Ethiopia: More Sweatshops for Africa?

Investigators: CDEP Affiliate Chris Blattman and Stefan Dercon, Professor of Development Economics at the University of Oxford and Chief Economist at the U.K. Department of International Development

Large firms are generally viewed as being central to macroeconomic growth and development, but not to building the capabilities and incomes of the poor. Instead, current development strategies tend to focus on microenterprise development. There is currently little evidence on how and in what ways industrial employment affects workers. By not addressing the role of large firms as a development strategy, we may be underestimating the welfare gains of industrial work. This study attempts to measure this by comparing the welfare impacts of receiving an industrial job to a microenterprise intervention and alternative forms of employment.

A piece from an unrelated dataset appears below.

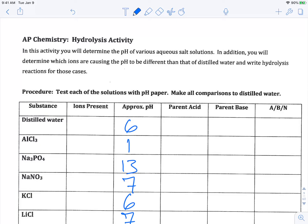We first took distilled water as a point of reference and found the pH of it to be around 6. All the solutions that we made were made from that distilled water, so our distilled water with a pH of 6 is our baseline for this lab. If we're looking substantially above 6, we're going to say it's basic. Substantially below 6, it's acidic. We should figure out why this is happening and come up with a pattern for it.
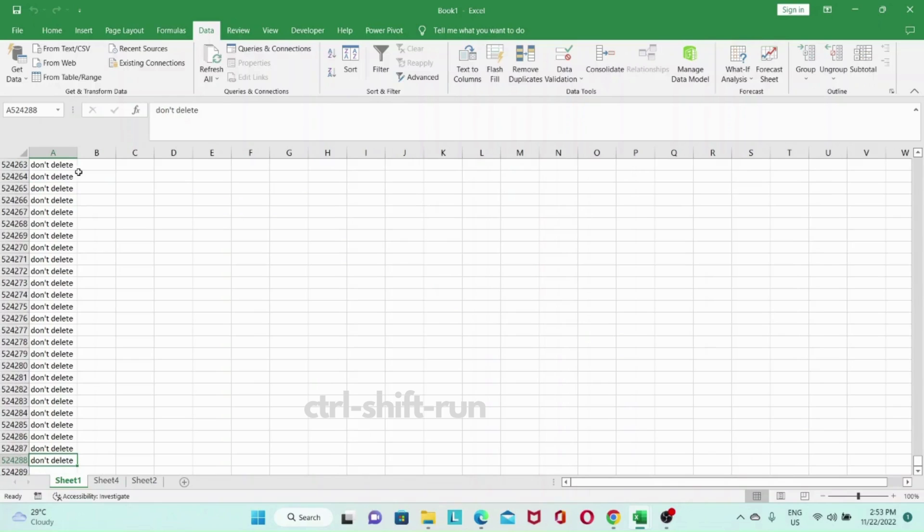So it took only 15 seconds to delete over 500,000 rows from a worksheet that contain over a million rows. That's not too bad. It's a lot faster than looping.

The study follows job applicants for unskilled or low-skilled jobs at Ethiopian firms ranging from water bottling factories to large-scale commercial farms. Many more applicants typically apply for jobs than there are positions available. Taking advantage of this large pool of eligible people, researchers randomly assign applicants to one of three groups: a job recipients group, a microenterprise group consisting of a week-long business training and a cash grant, and a control group that receives neither. By comparing a variety of welfare measures such as income and poverty levels, health, household activities, happiness and political behavior one and two years after the application process, researchers can measure the welfare effect of the factory job relative to the alternatives.

Published as "The Impacts of Industrial and Entrepreneurial Work on Income and Health: Experimental Evidence from Ethiopia," American Economic Journal: Applied Economics, Vol 10, No 3, July 2018.

This project is in conjunction with Innovations for Poverty Action and the Ethiopian Development Research Institute. It is affiliated with CDEP’s Firms and Innovation Initiative.